──────── RECORDS TO PROCESS

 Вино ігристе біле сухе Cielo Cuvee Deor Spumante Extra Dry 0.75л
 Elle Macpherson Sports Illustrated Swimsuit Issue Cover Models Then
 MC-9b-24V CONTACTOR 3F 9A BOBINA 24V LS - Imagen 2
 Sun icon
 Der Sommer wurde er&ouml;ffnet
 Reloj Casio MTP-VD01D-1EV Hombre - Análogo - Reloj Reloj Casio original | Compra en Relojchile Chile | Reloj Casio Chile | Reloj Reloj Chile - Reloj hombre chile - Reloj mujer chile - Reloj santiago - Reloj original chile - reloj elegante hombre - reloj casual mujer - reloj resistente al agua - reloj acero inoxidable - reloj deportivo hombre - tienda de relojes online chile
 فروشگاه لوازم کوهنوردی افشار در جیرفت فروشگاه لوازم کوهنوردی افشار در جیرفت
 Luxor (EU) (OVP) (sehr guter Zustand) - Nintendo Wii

────────────────
──────── RECORDS TO PROCESS

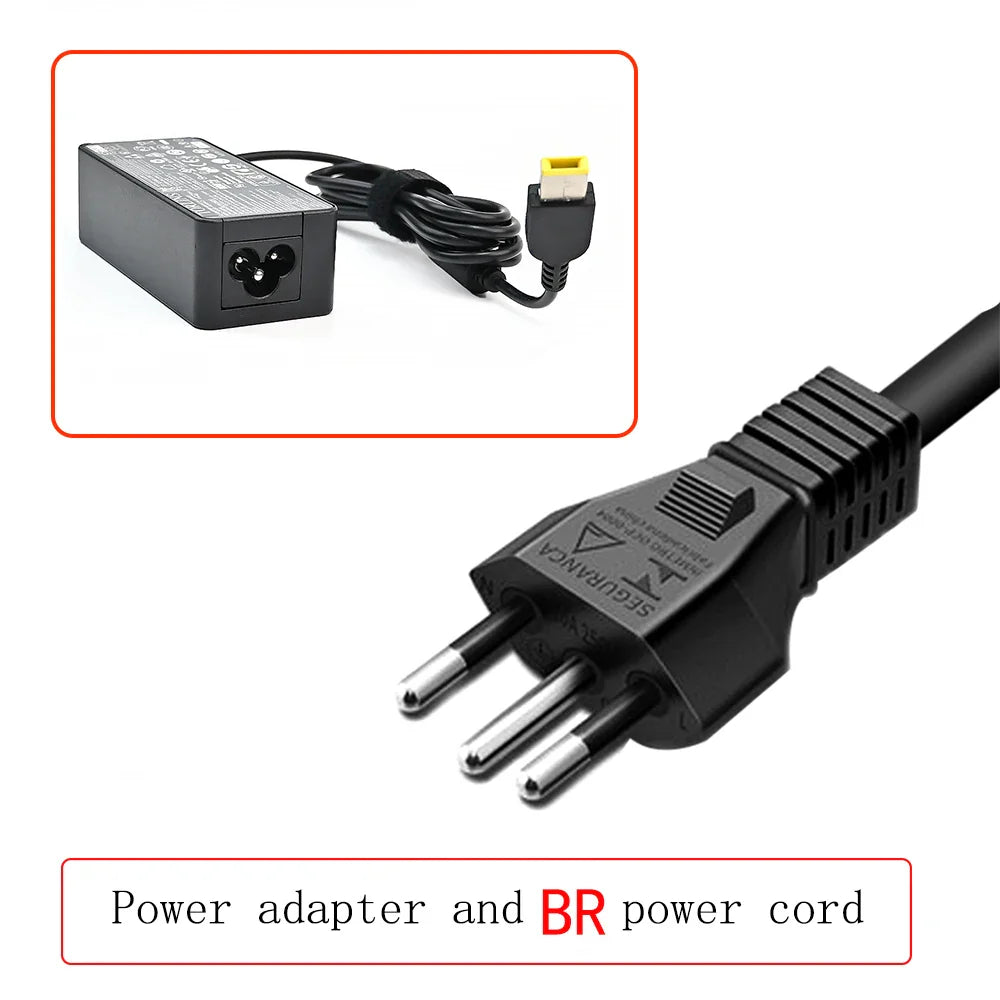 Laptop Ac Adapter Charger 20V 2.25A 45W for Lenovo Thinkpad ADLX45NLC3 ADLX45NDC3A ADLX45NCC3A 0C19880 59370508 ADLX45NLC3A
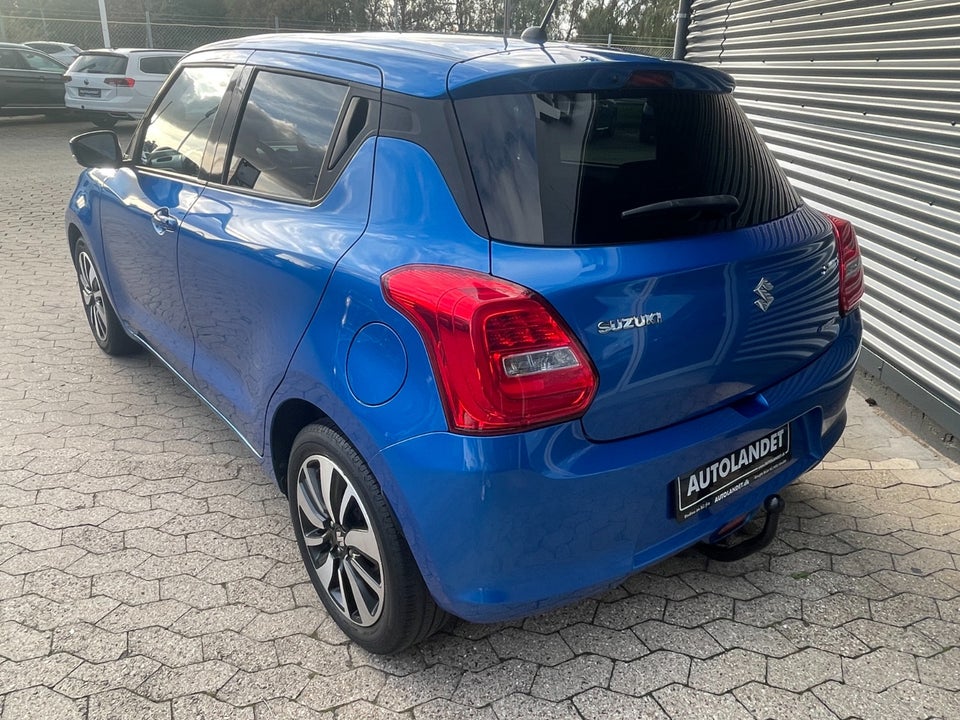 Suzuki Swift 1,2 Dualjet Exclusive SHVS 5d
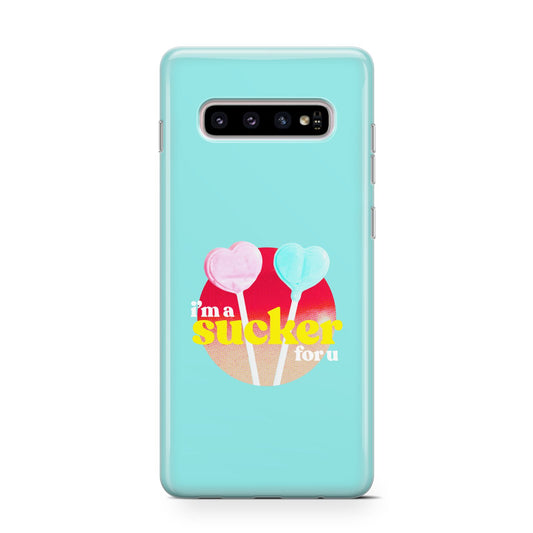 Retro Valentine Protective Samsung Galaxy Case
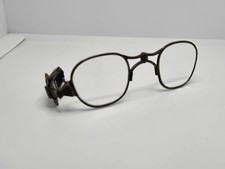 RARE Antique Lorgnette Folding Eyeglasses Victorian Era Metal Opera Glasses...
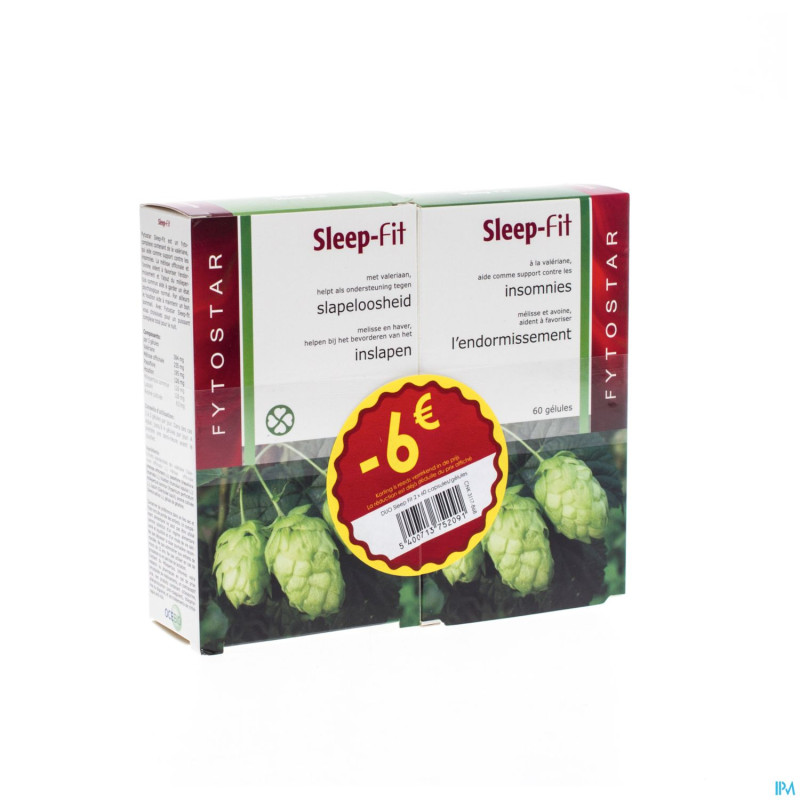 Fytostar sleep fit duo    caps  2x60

────────────────
──────── RECORDS TO PROCESS

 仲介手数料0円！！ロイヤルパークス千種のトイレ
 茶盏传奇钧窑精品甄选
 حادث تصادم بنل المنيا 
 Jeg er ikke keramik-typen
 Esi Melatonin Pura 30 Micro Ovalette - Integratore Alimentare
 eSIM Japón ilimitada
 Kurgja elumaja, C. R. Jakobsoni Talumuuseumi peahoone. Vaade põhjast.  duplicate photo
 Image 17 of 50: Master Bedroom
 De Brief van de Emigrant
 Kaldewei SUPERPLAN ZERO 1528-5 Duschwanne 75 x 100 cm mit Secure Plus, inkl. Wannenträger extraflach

────────────────

INSTRUCTIONS FOR THE TASK
Nothing but the lines above, starting at the line that contains "Laptop Ac Adapter" and ending at the line that contains "Fytostar sleep fit", should be given again, exactly and without the pictures.

RESPONSE AREA
 Laptop Ac Adapter Charger 20V 2.25A 45W for Lenovo Thinkpad ADLX45NLC3 ADLX45NDC3A ADLX45NCC3A 0C19880 59370508 ADLX45NLC3A
 Suzuki Swift 1,2 Dualjet Exclusive SHVS 5d
 Retro Valentine Protective Samsung Galaxy Case
 RARE Antique Lorgnette Folding Eyeglasses Victorian Era Metal Opera Glasses...
 Fytostar sleep fit duo    caps  2x60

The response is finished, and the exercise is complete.